For many, Emmanuelle Riva will be best known for her Oscar-nominated role as Anne in Michael Haneke’s profoundly moving and riveting exploration of love under pressure, Amour (2012). But Riva’s career began in 1957, and sixty years on, she remains a well-respected actress who made a lasting impression in a string of movies made in the Sixties, and who had an equally impressive career on the stage.

Like John Hurt, who also died on 27 January 2017, Riva wanted to act at a young age but was given little support by her family. She moved from her rural home to Paris in 1953, and was soon awarded a scholarship. Though too old to enter the French National Academy of Dramatic Arts, word of her abilities as an actress soon landed her roles, beginning with a production of George Bernard Shaw’s Arms and the Man. But it was her role as Elle in Alain Resnais’ haunting Hiroshima mon amour (1959) that brought her instant, worldwide recognition. From there she made a number of critically and commercially successful French films that cemented her reputation, and allowed her to continue working in the theatre and occasionally in television.

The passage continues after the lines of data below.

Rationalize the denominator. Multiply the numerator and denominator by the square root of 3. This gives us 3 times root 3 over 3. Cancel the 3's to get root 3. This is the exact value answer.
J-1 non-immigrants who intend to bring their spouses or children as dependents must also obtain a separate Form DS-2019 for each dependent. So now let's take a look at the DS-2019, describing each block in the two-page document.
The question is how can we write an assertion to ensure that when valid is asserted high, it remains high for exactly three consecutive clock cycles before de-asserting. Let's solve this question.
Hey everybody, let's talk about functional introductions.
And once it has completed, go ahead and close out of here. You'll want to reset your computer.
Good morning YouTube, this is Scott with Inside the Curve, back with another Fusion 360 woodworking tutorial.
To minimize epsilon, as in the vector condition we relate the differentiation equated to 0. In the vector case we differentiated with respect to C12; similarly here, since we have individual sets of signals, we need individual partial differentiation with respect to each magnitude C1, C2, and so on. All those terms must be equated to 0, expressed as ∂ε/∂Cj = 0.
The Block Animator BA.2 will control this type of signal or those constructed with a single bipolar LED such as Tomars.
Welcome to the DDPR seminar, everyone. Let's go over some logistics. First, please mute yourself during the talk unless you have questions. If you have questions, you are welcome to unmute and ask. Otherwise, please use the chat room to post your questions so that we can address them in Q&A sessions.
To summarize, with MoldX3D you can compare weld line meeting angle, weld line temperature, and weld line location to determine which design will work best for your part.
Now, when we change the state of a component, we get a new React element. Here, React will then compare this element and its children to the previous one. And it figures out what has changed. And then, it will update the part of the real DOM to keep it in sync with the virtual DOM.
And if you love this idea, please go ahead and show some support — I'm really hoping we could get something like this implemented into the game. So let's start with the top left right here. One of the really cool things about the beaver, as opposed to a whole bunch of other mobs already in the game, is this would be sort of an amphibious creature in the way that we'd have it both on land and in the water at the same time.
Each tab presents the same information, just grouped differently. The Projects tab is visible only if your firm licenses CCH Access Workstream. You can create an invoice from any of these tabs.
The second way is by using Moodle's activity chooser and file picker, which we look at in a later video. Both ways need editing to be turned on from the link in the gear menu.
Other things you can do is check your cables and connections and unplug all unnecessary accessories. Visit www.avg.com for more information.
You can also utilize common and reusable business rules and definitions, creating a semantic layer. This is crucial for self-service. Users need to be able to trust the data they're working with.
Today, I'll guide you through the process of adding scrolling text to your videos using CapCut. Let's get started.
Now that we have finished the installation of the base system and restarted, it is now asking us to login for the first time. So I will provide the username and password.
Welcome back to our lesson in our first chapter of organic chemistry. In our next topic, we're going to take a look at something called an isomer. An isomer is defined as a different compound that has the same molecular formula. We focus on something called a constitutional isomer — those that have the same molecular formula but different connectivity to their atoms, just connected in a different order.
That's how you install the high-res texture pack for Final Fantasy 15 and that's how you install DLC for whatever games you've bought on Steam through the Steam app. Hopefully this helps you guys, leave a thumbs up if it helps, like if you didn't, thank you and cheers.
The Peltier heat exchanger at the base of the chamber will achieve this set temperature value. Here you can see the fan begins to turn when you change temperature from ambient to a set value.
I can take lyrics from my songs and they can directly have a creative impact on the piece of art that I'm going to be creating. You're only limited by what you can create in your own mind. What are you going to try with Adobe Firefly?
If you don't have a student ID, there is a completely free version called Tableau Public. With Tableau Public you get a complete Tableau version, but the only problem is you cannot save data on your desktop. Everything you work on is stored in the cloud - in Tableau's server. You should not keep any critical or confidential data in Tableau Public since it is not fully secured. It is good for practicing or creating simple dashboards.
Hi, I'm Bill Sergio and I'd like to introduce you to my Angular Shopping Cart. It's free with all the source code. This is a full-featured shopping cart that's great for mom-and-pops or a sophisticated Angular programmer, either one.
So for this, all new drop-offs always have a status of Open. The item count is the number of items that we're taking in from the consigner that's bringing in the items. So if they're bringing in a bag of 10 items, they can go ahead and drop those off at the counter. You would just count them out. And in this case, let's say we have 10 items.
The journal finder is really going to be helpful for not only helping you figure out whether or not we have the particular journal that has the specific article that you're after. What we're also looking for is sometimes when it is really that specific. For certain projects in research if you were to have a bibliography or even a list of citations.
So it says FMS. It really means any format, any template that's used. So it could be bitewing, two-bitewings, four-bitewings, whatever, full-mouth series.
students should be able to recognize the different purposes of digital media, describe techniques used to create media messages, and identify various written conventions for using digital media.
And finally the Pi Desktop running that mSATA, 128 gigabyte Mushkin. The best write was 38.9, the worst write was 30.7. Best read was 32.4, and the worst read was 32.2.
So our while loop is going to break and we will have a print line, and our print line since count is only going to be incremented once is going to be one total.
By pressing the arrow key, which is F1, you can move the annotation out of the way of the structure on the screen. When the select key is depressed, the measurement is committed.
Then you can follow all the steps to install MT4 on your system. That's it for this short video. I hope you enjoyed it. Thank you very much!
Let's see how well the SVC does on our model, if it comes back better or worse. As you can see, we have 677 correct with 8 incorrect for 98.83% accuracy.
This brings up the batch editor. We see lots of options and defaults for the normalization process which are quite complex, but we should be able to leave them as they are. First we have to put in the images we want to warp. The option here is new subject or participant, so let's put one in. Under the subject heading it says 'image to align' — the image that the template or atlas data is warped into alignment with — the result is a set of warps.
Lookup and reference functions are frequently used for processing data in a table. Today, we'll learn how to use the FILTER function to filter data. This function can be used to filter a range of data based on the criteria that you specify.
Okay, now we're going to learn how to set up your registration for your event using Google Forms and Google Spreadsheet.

In the Seventies and Eighties, Riva’s movie career suffered through a mixture of poor choices and the perception that she was entirely a serious dramatic actress (she would have liked to have appeared in some comedies, but always blamed her performance in Hiroshima mon amour for establishing that perception). In the Nineties she made an appearance in Three Colours: Blue (1993), but although she was singled out for praise, and the performance served as a reminder of what she could do, Riva’s movie career remained largely unappreciated until Michael Haneke came along in 2010. She wrote poetry in her spare time (and was published), and enjoyed photography; photographs that she took while making Hiroshima mon amour were exhibited and turned into a book around fifty years after she took them. She was a creative force who didn’t always get the breaks she needed, but her career was, nevertheless, varied and intriguing in its choices. She was a confident, inspiring actress whose naturalistic style spoke to the heart of the characters she played, and she was incapable of giving a less than committed performance. She never wanted to be a star, and perhaps would have been horrified to have been regarded as one, but Riva had that star-like quality, and thanks to her body of work, that quality still lives on.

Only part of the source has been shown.